• PROBLEM STATEMENT: Once the line containing "Honokowai Condo |" is found in the data below, repeat it and every later line exactly, leaving the pictures out.

• DATASET EXTRACT:
**********

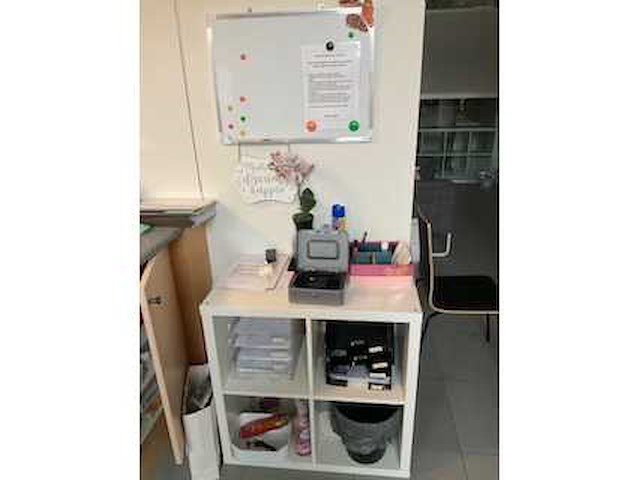 Volledige inboedel schoonheidssalon - afbeelding 73 van  77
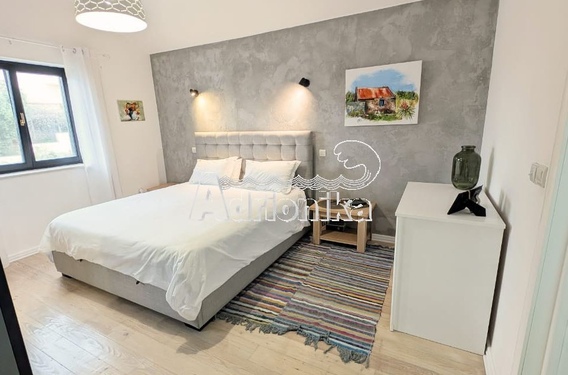 Квартира с панорамным видом на море на первой линии в Крашичи - фото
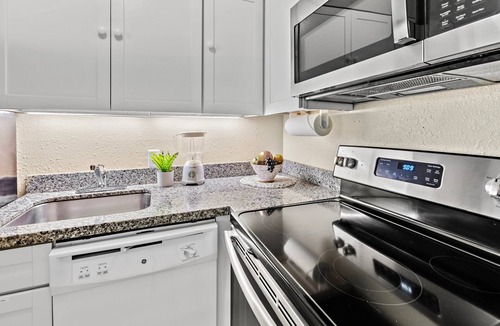 Honokowai Condo | Island style decor with tropical garden view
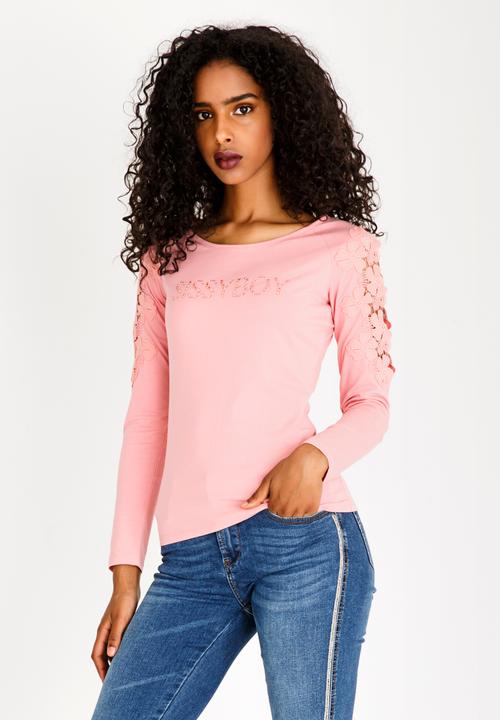 SISSY BOY - Crochet Sleeve Top Mid Pink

**********

• RESULT OF THIS TASK:
 Honokowai Condo | Island style decor with tropical garden view
 SISSY BOY - Crochet Sleeve Top Mid Pink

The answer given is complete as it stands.